┏━━
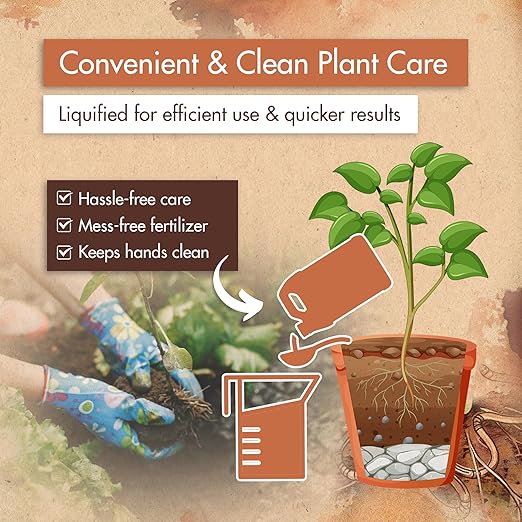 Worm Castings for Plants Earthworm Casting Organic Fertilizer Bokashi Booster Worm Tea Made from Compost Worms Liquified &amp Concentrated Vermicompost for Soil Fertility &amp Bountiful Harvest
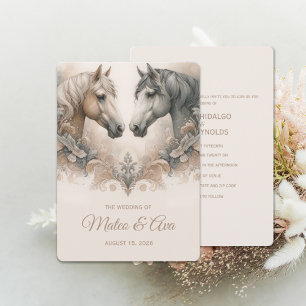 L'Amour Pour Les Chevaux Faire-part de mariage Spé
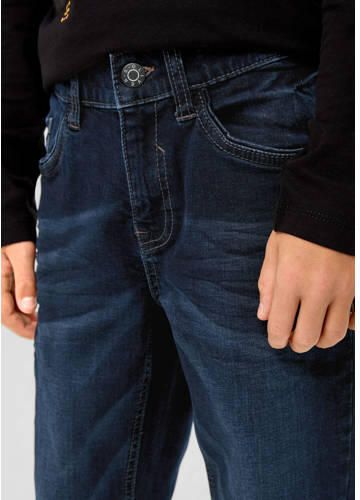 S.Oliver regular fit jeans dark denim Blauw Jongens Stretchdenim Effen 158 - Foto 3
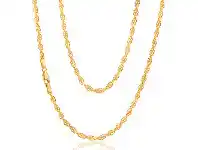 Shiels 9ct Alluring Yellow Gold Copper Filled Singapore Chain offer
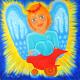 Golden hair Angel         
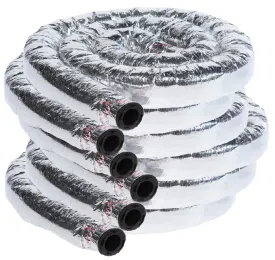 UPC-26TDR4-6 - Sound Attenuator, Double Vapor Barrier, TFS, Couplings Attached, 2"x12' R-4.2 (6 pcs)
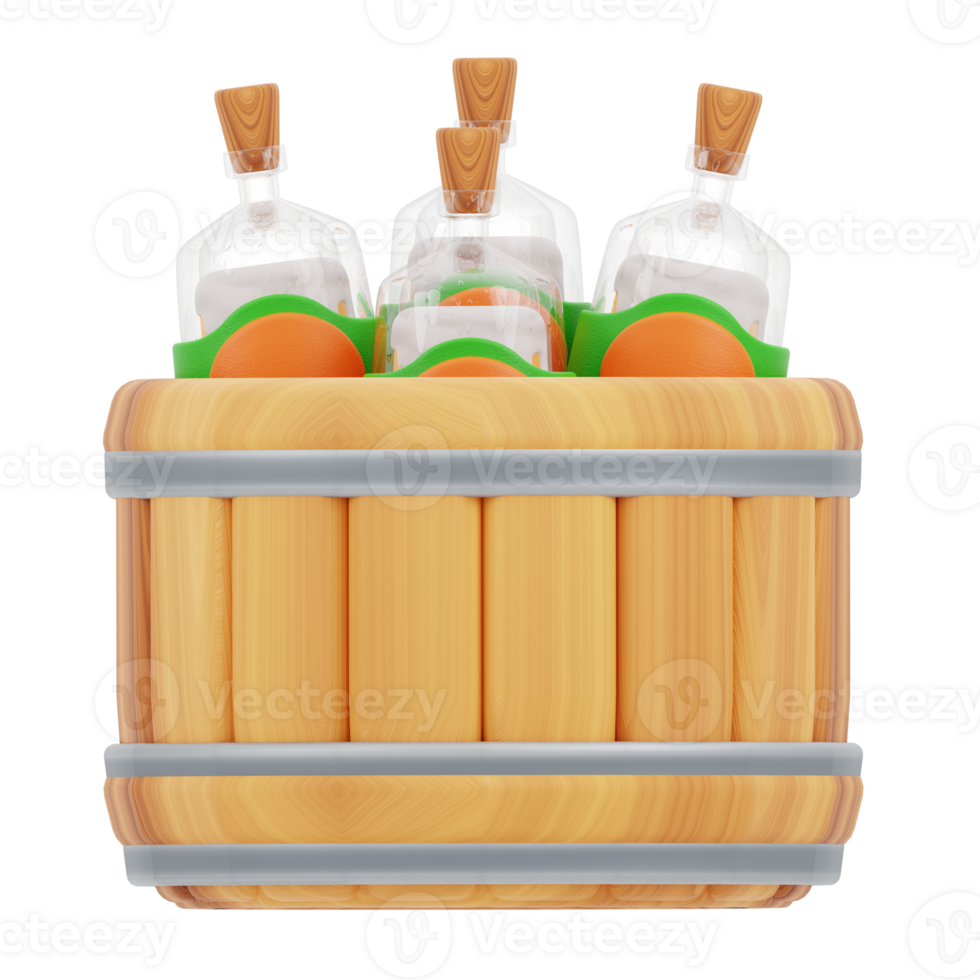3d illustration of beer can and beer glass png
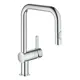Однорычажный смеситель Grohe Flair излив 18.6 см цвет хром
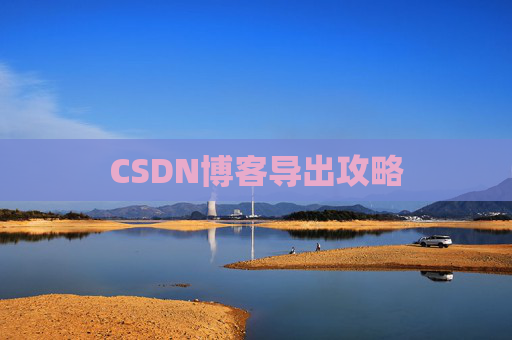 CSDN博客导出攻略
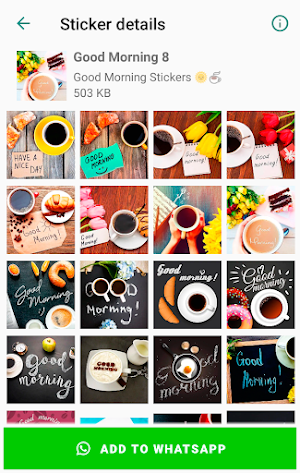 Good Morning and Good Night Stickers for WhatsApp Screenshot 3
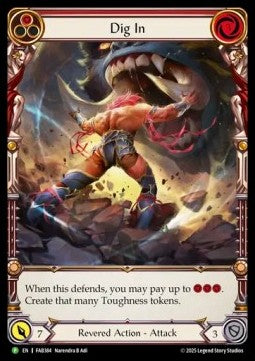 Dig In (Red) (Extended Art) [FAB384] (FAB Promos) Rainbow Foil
┗━━
* **Work task**
From the material above, print everything exactly except the pictures.

* **Written response**
 Worm Castings for Plants Earthworm Casting Organic Fertilizer Bokashi Booster Worm Tea Made from Compost Worms Liquified &amp Concentrated Vermicompost for Soil Fertility &amp Bountiful Harvest
 L'Amour Pour Les Chevaux Faire-part de mariage Spé
 S.Oliver regular fit jeans dark denim Blauw Jongens Stretchdenim Effen 158 - Foto 3
 Shiels 9ct Alluring Yellow Gold Copper Filled Singapore Chain offer
 Golden hair Angel         
 UPC-26TDR4-6 - Sound Attenuator, Double Vapor Barrier, TFS, Couplings Attached, 2"x12' R-4.2 (6 pcs)
3d illustration of beer can and beer glass png
Однорычажный смеситель Grohe Flair излив 18.6 см цвет хром
 CSDN博客导出攻略
 Good Morning and Good Night Stickers for WhatsApp Screenshot 3
 Dig In (Red) (Extended Art) [FAB384] (FAB Promos) Rainbow Foil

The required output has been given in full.